I bet in Florida you NEVER need a furnace in your house, etc. You probably only need it 2 days of the year. What's stupid here is that you still have to pay about 40 bucks a month (because you have it) in the summer months even though you don't need to turn it on! I think my parents pay about 70 bucks a month in winter but the house is a good size.

Playdrv4me
03-08-05, 11:33 PM
Yes ive heard of this. Its called a "budget plan", where you pay a more or less even amount all throughout the year to keep from getting huge bills in the winter.

Anyway, Im about to pull these things off the wall. I know MY furnace is fine, so Im getting tired of sitting here being enslaved to watching this display all the time. I may leave the non display one in place and kill the other one. Ill sit there and watch it constantly if I dont get rid of it.

Stoneage_Caddy
03-08-05, 11:49 PM
i dunno if i could do that ...knowing i had a problem i like to keep tabs on the situation ...

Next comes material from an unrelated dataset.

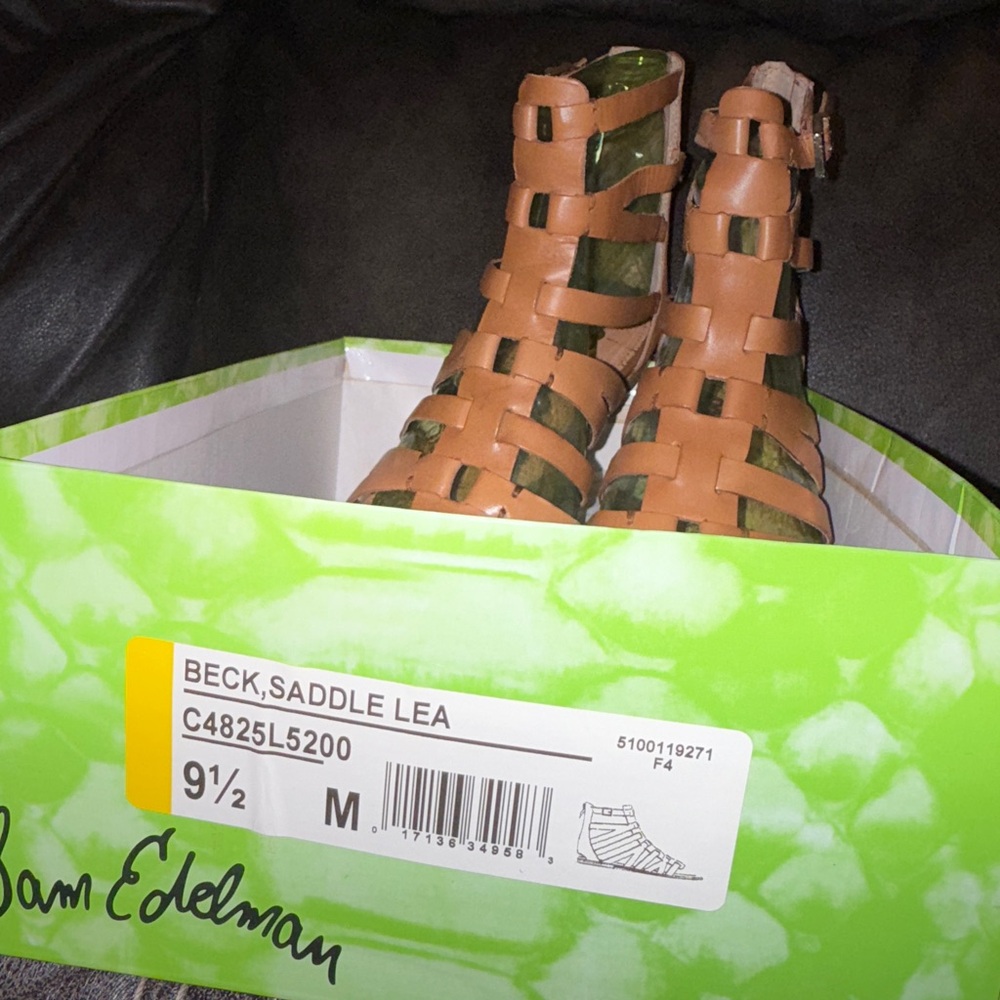 ✨ Sam Edelman Beck Gladiator Sandals 👡 Saddle Leather 🤎 Size 9.5 - Camel Flats - Picture 9 of 11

I had a voltage lamp come on the cadillac 3 months ago for 2 seconds , i found a bad connection and redid it but i still installed a voltage gauge so i can look down in all my obsessive compulsive disorder glory and make sure its doing ok ...

and then you get to the point of "information overload" and that sucks just as much because then the damn sky is always falling

Ralph
03-08-05, 11:50 PM
Yes ive heard of this. Its called a "budget plan", where you pay a more or less even amount all throughout the year to keep from getting huge bills in the winter.

Anyway, Im about to pull these things off the wall. I know MY furnace is fine, so Im getting tired of sitting here being enslaved to watching this display all the time. I may leave the non display one in place and kill the other one. Ill sit there and watch it constantly if I dont get rid of it.

Not to upset you or anything, but can you call the gas company? They should be concerned over this and do a free inspection? Or the plumbing company that installed the furnaces, but it's still the landlords responsibility to take your concerns seriously and ensure you are safe imo.

I say if that alarm goes off, GET OUT! Your health is more important than hurting the landlords feelings!